Nothing like a Pimms in the early afternoon. Imbibing a drink (or two) at home, means that when the inevitable drowsiness that always follows when I drink alcohol, I can toddle off for a little nap in my favourite place in the whole world – my bed.
I have never been into camping. For me, there is no sense in going somewhere when I will be less comfortable than where I live.
I want cleanliness, (to be honest, if the place was cleaned to my usual home standards, even I probably wouldn’t want to stay there! Cleanliness. in this case, means pristine.) I don’t want to be reminded that someone else has slept in the bed, or sat on the toilet before me – even though they have. Probably, thousands, have!
I want airconditioning. No humidity, no sweltering heat, no freezing in the middle of the night.I have that at home. Okay, if I went to a country where air conditioning was not available due to national decree I would make the most of it. I am talking about “if” I have choices.
I need somewhere I can plug a hairdryer in, if I wish too. Better still, if they supply the hairdryer and I don’t have to lug it from home.
I don’t need a stocked minibar, but I do love room service. I like my late night snacks. Some nights, after a day of sightseeing or travelling, the thought of leaving the room and seeking food is one activity too many. Let me order in a bowl of fries and I will be a happy woman.
I demand ample tea and coffee making supplies. During our last trip, to Melbourne, the cleaner told us the room allocation of tea bags was four per person, per room. Hello, no. We developed the habit of walking down the corridor as they cleaned and self catering our needs from their trolley. Otherwise, I would have purchased my own. One must have tea. And milk. Never enough milk. I drink milk in my tea and coffee.

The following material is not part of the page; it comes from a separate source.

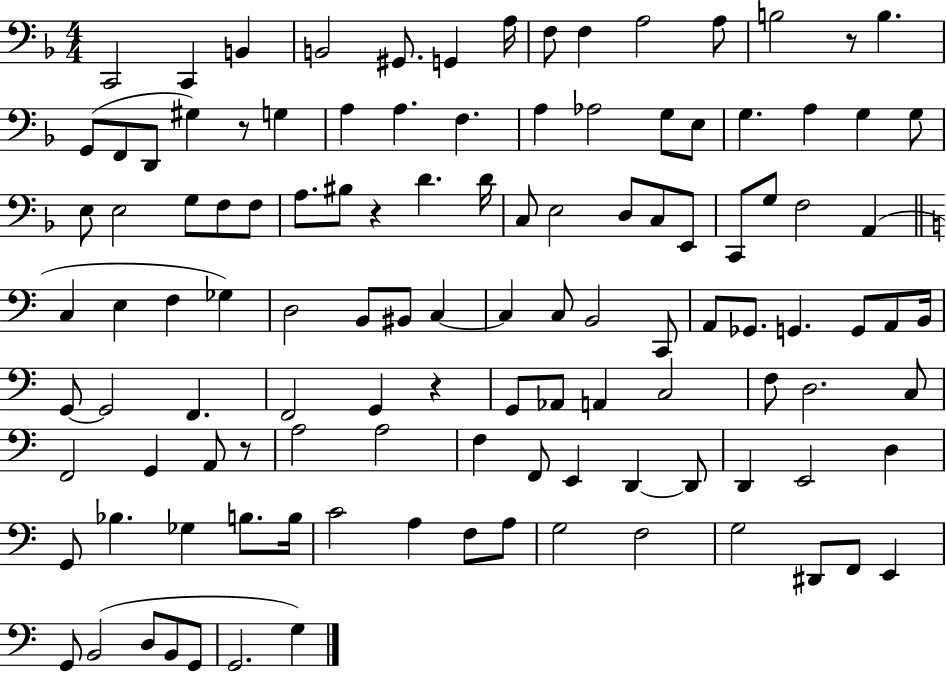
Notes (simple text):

C2/h C2/q B2/q B2/h G#2/e. G2/q A3/s F3/e F3/q A3/h A3/e B3/h R/e B3/q. G2/e F2/e D2/e G#3/q R/e G3/q A3/q A3/q. F3/q. A3/q Ab3/h G3/e E3/e G3/q. A3/q G3/q G3/e E3/e E3/h G3/e F3/e F3/e A3/e. BIS3/e R/q D4/q. D4/s C3/e E3/h D3/e C3/e E2/e C2/e G3/e F3/h A2/q C3/q E3/q F3/q Gb3/q D3/h B2/e BIS2/e C3/q C3/q C3/e B2/h C2/e A2/e Gb2/e. G2/q. G2/e A2/e B2/s G2/e G2/h F2/q. F2/h G2/q R/q G2/e Ab2/e A2/q C3/h F3/e D3/h. C3/e F2/h G2/q A2/e R/e A3/h A3/h F3/q F2/e E2/q D2/q D2/e D2/q E2/h D3/q G2/e Bb3/q. Gb3/q B3/e. B3/s C4/h A3/q F3/e A3/e G3/h F3/h G3/h D#2/e F2/e E2/q G2/e B2/h D3/e B2/e G2/e G2/h. G3/q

Once, when staying in Adelaide, we found a blood stain on our white sheet – prior to us entering the bed. Ugh. It was not a happy trip. It was also not the only error in that particular choice of Mr FD’s and he is still learning his lesson on that one.
The bathroom also needs good ventilation. I do not want to have to travel with a candle in a tin to rid the bathroom, and our room, of bodily odours. Not that I have any, but Mr FD is sadly human. Doesn’t take much to install a bathroom fan – in fact make it a fan heater and your will score top marks, Mr Hotel Manager.
Late checkout is a blessing. Not being charged for a late checkout is utterly civilised, but seemingly more rare these days. It is nice to be able to freshen up before that trip back to the airport.
I don’t want to hear the neighbours. I have more than half an acre between our neighbours and our house, at home. I realise that is impossible in a hotel, but at least make sure I can’t hear their voices, their television, or their plumbing. And never their children!. I want to pretend I am the only person there, except for Mr FD. If I can pretend he is not there all the better.
I need decent pillows, and more than one per person. I have neck issues, I don’t function well with a pillow that instantly flattens to the same width as the fabric of the pillow case. If I wake with a headache, your day will not be a happy one.
I don’t think any of that is too much to ask, do you? I am worth it, and if I am going to make the effort to stay in their hotel and be nice to the masses enroute, it is the least they can do.
I like cable television with a full range of channels, as I do, at home. Not just sky news and fox sports. I mean, think of the marketing if you get some unsuspecting visitor hooked on decent cable, and then they might go home and subscribe for the services. Cut a deal. It is the least you can do, for me.
Oh, and towels that don’t smell mouldy. Thick towels that are line dried fresh in the sun. Yes, I have that at home. Not greyish towels that smell like they were picked up from the floor and rehung for the next guest.
The simple things in life really are the best, and a happy Flamingo Dancer means a happy world – for everyone else. Just do it!